++++ MATERIAL TO PROCESS ++++

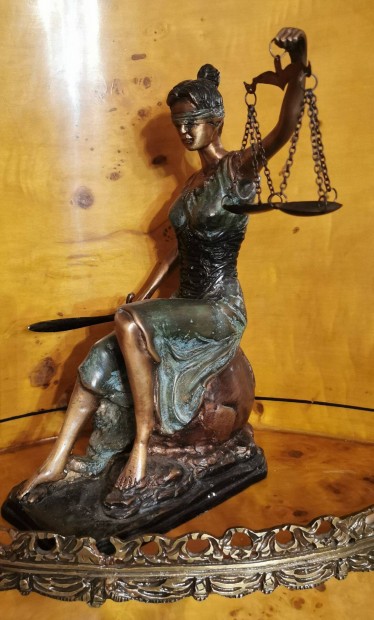 Justitia, az igazsg Istennje - bronz szobor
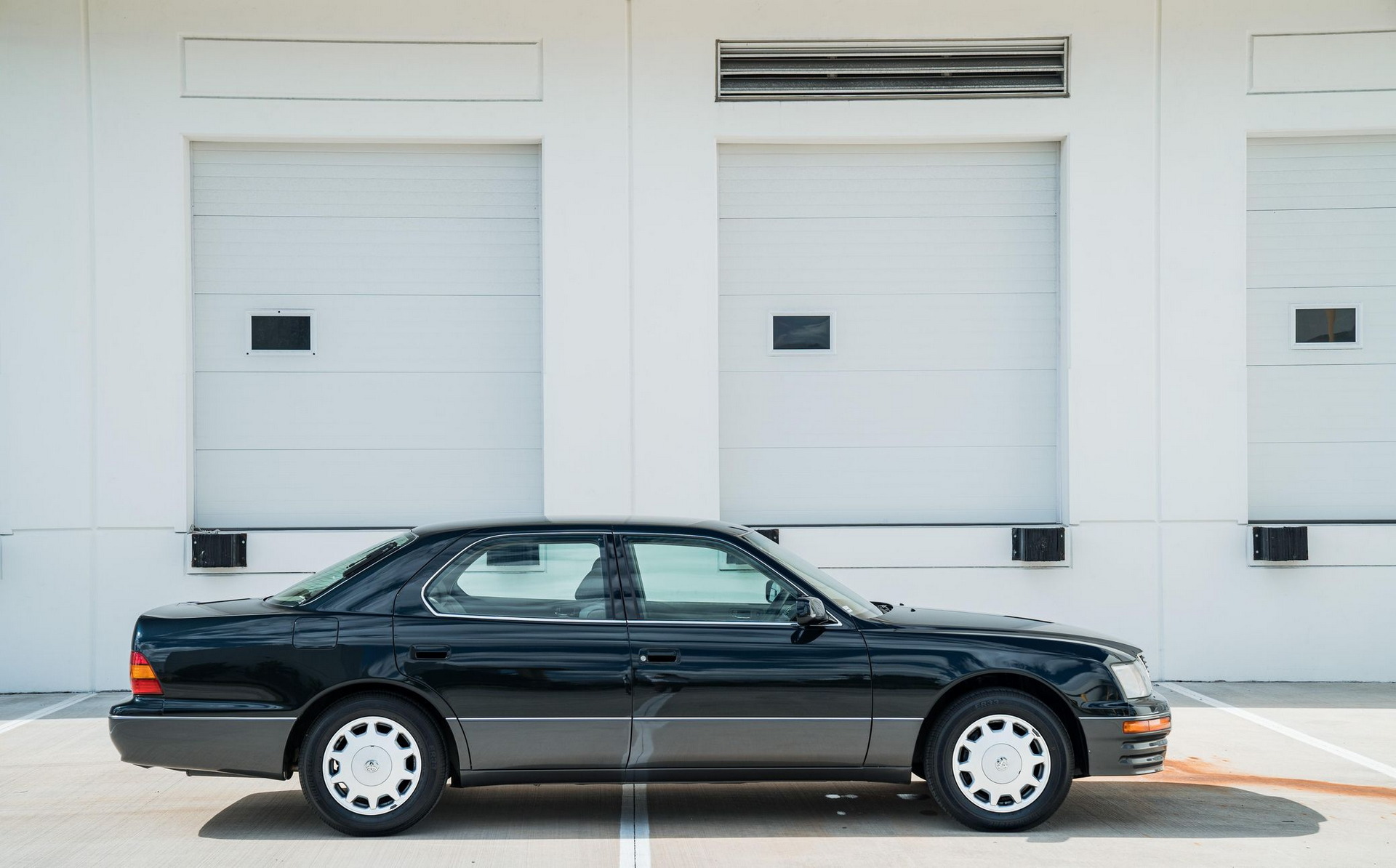 This 1995 Toyota Celsior With Just 6,600 Miles Is A Rolling Time Capsule
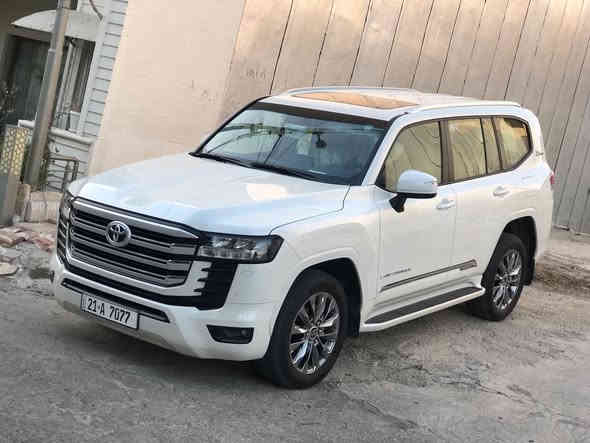 سلام عليكم لاندكروز 2022 ساز اصلي ماشيه 11،000 رقمه سليمانيه بسمنه المكان الرمادي سعر 68،500 للتفاصيل الأخرى تواصل على (***********)
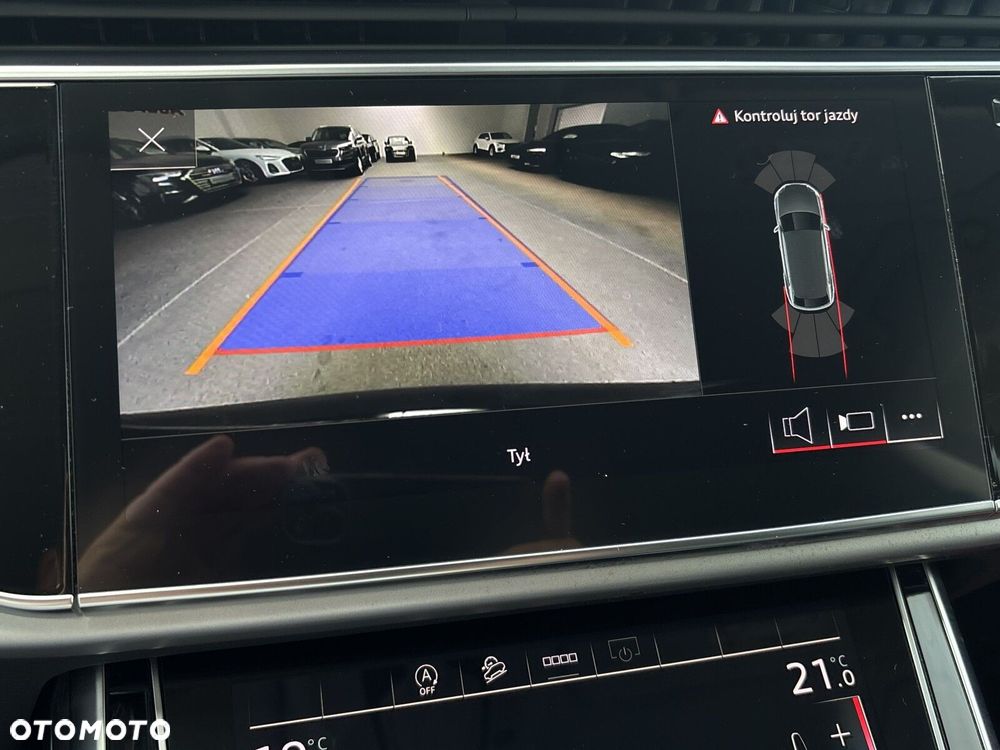 Audi Q8 - 26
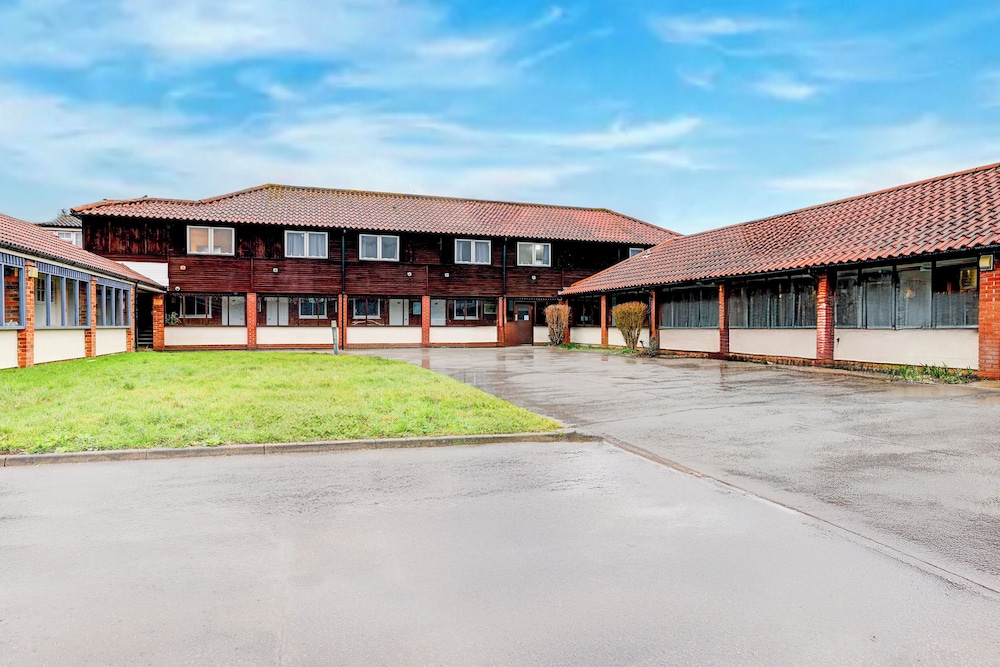 OYO The Rivenhall Hotel in Witham, Chelmsford 29/38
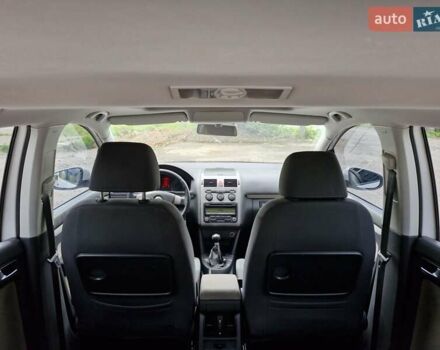 Белый Фольксваген Туран, объемом двигателя 1.39 л и пробегом 408 тыс. км за 5699 $, фото 25 на Automoto.ua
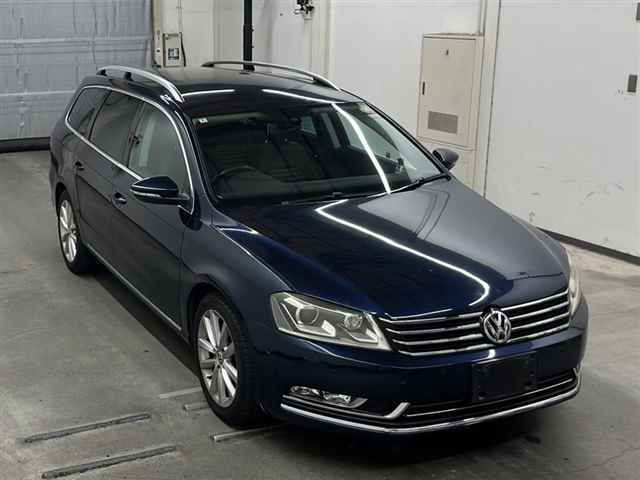 VOLKSWAGEN PASSAT VARIANT 2014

++++

(EXERCISE DETAILS) Each line from the one that holds "Белый Фольксваген Туран, объемом" through the final line of the data must be retyped exactly; the pictures must not appear.

(SOLUTION)
 Белый Фольксваген Туран, объемом двигателя 1.39 л и пробегом 408 тыс. км за 5699 $, фото 25 на Automoto.ua
 VOLKSWAGEN PASSAT VARIANT 2014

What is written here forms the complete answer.